En dehors de la vaccination contre l’hépatite B, quels sont les autres enjeux du plan ?
La qualité et la pratique du dépistage doivent être améliorées. Les antiviraux, aujourd’hui très efficaces, permettent d’espérer une guérison dans près la moitié des cas d’hépatite C et une rémission dans près de 80 % des cas d’hépatite B. Comme pour le VIH, il est essentiel que les traitements soient mis en uvre le plus tôt possible, afin d’éviter l’évolution vers une cirrhose par exemple. Une série d’initiatives visent à améliorer le recours au dépistage, en particulier des populations les plus exposées. De très gros efforts restent à faire, en particulier en milieu carcéral. On y travaille avec la direction de l’administration pénitentiaire et avec les associations. Les médecins libéraux auront un rôle important à jouer dans le dépistage mais aussi la prise en charge des hépatites B et C.
Pouvez-vous préciser ?
Il existe maintenant de nouvelles méthodes peu invasives d’évaluation de la maladie, en particulier de la fibrose hépatique. L’idée est d’améliorer le parcours de soins et de limiter la prise en charge hospitalière aux cas qui réellement le nécessitent. La médecine de ville, le médecin traitant mais aussi les spécialistes, les hépato-gatro-entérologues, auront un rôle clef dans la mise en uvre des actions de dépistage, dans la mise en uvre des thérapeutiques puis dans l’appréciation de l’évaluation de la gravité ou pas de l’atteinte hépatique. Dans le cas de l’hépatite C, une attention particulière devra être portée aux conséquences psychologiques et psychiatriques. Des actions d’information et de sensibilisation seront menées auprès des médecins et des psychiatres.

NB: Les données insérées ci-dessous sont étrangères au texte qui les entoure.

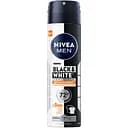 Дезодорант-антиперспірант Nivea Men Extra Чорне та Біле Невидимий спрей 150 мл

Dans le cas de la prévention de la transmission mère/enfant, des mesures sont-elles prévues ?
La recommandation actuelle est très claire. Si une femme enceinte est dépistée Ag HBS positif, l’administration de globulines et la vaccination du nouveau-né doivent être réalisées dans les premières heures qui suivent la naissance. Vraisemblablement, dans un certain nombre de cas, ces mesures ne sont pas respectées. Cela fait partie des évaluations prévues dans le plan. La prévention chez les usagers de drogues et les stratégies de réduction des risques seront également évaluées, tout comme le sera la couverture vaccinale contre l’hépatite B.